Given a fourteen day time frame to learn the ukulele, I set out two weeks ago to develop a method for hurried ukulelists to perfect their skills. The key part of this accelerated process is, believe it or not, not learning to play the ukulele; instead, I only had to master the mindset of the ukulele. I’ve learned in my two weeks of self-taught lessons that playing the ukulele can be much less a skill than a mindset. Until I could conjure up the image of the perfect beach at sunset, hear the waves and smell the coconuts wherever I was, I had not fully mastered the art of the ukulele.
Four strings, a neck, a body; learning to play the conventional way could’ve taken me months. Tapping into the ukulele mindset is a great way to enjoy the ukulele in all its glory without knowing a single chord. Because when you’re sitting on a sandy beach with the wind in your hair and the sun on your face, who cares what it sounds like?
To begin playing the ukulele, or rather get into the correct state of mind, I put down the ukulele and lay flat on my back in a supine position. I started by stimulating every sense until I was in a state indistinguishable from one of sitting on a sandy beach and strumming softly on the ukulele.
First, I located my thermostat and dialed the temperature to 85 degrees Fahrenheit, the average daytime summer temperature at sea-level in Hawaii. On my mobile phone (can be substituted for another device), I queued an ocean waves soundtrack. YouTube proved an excellent way to find free, long-duration beach noises. My air freshener, some scented candles and fresh-picked flowers were a great way to stimulate my sense of smell. For the taste, I gathered ½ cup of ice, 1 coconut, 1 pineapple and 5 diced strawberries. I blended them until the color was spread evenly and large chunks had dissolved. I learned through trial and error that a bendy straw was optimal, so as to be able to sip away while lying down. All that was left to do was close my eyes and picture my ideal beach scene. At this point, I had fully tapped into the ukulele mindset, and was ready to rock.
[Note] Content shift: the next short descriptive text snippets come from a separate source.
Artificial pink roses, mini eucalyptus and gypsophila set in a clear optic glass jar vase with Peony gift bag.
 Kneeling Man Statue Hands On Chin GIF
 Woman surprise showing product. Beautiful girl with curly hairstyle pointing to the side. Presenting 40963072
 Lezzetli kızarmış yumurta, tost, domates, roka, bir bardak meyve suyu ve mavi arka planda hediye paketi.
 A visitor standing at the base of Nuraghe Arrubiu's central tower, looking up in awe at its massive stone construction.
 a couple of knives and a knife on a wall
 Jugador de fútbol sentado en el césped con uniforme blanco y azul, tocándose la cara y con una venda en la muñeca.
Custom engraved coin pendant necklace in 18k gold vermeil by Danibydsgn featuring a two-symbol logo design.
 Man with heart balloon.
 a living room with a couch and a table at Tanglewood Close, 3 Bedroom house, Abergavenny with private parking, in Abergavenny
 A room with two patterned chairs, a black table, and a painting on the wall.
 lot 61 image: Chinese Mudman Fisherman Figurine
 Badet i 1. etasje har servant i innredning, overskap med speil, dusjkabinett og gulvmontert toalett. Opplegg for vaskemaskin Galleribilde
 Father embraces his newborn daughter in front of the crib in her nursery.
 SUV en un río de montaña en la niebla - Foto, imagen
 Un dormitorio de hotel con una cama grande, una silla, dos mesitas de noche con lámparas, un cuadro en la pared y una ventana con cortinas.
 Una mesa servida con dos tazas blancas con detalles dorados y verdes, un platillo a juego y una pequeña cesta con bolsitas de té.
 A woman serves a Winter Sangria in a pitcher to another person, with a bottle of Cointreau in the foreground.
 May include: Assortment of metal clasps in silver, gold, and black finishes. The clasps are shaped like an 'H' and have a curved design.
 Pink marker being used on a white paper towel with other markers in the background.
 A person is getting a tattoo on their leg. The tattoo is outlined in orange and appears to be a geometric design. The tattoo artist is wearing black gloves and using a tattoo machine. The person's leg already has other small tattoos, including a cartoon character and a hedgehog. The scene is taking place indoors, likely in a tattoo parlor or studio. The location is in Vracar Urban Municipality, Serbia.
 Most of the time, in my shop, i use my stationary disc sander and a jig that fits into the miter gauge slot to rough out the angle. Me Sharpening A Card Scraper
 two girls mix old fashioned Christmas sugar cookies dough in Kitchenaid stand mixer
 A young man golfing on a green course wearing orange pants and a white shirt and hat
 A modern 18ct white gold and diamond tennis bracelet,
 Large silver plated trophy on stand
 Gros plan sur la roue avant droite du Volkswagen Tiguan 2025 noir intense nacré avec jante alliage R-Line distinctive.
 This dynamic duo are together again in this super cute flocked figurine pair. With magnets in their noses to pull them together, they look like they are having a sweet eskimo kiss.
In the end, I found this experience to be much more enjoyable than listening to myself painfully play along to YouTube demonstrations and butcher fingering positions I learned out of a pamphlet. To me, the ukulele is about sparking happiness in yourself and those around you. Looking for a great string solo? Pull up Jimi Hendrix. An accompaniment? There’s the bass, the cello, the violin. The ukulele, however, is all about making people happy. As long as I could do that, I considered myself a ukulele expert. Tapping into the ukulele mindset is the quickest way to get happy for musicians in a hurry.